» SUPPLIED MATERIAL

#####

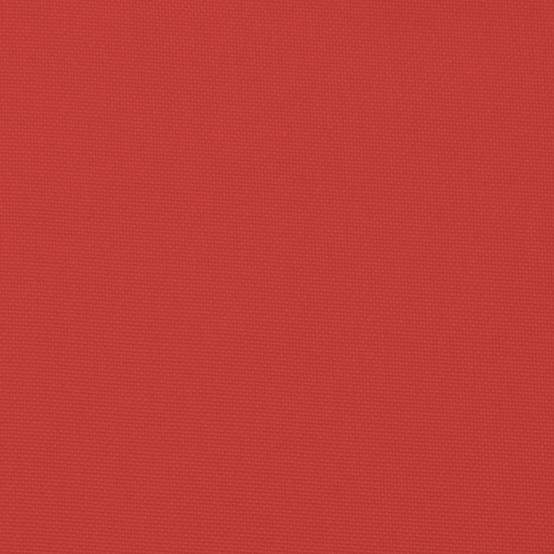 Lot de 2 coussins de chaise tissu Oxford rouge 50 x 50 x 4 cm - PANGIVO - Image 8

#####

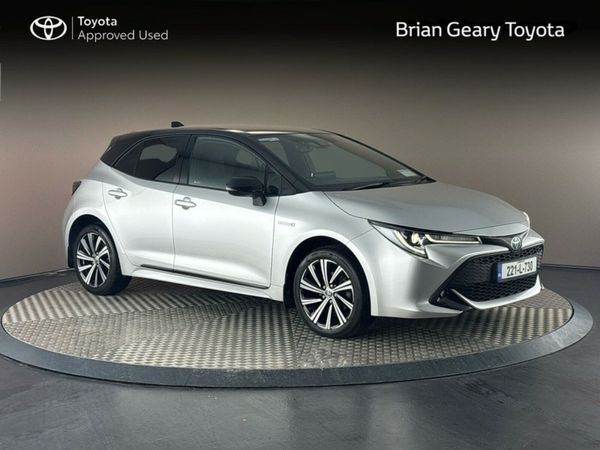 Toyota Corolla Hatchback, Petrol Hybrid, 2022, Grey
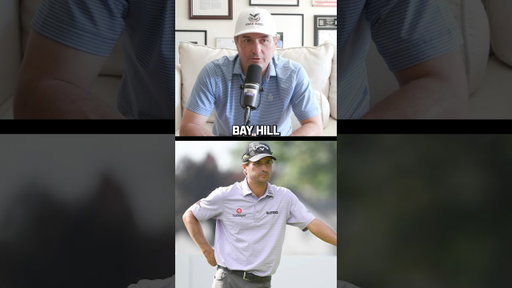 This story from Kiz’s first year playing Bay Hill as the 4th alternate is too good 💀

#####

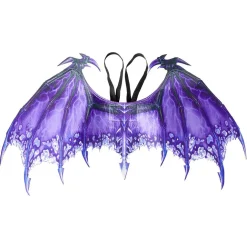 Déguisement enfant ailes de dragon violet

#####

Pictures in the entries do not go into the copy. Print only the lines starting at the one containing "Toyota Corolla Hatchback, Petrol" and ending at the one containing "This story from", exactly as they appear.

» SOLUTION TO THIS TASK
 Toyota Corolla Hatchback, Petrol Hybrid, 2022, Grey
 This story from Kiz’s first year playing Bay Hill as the 4th alternate is too good 💀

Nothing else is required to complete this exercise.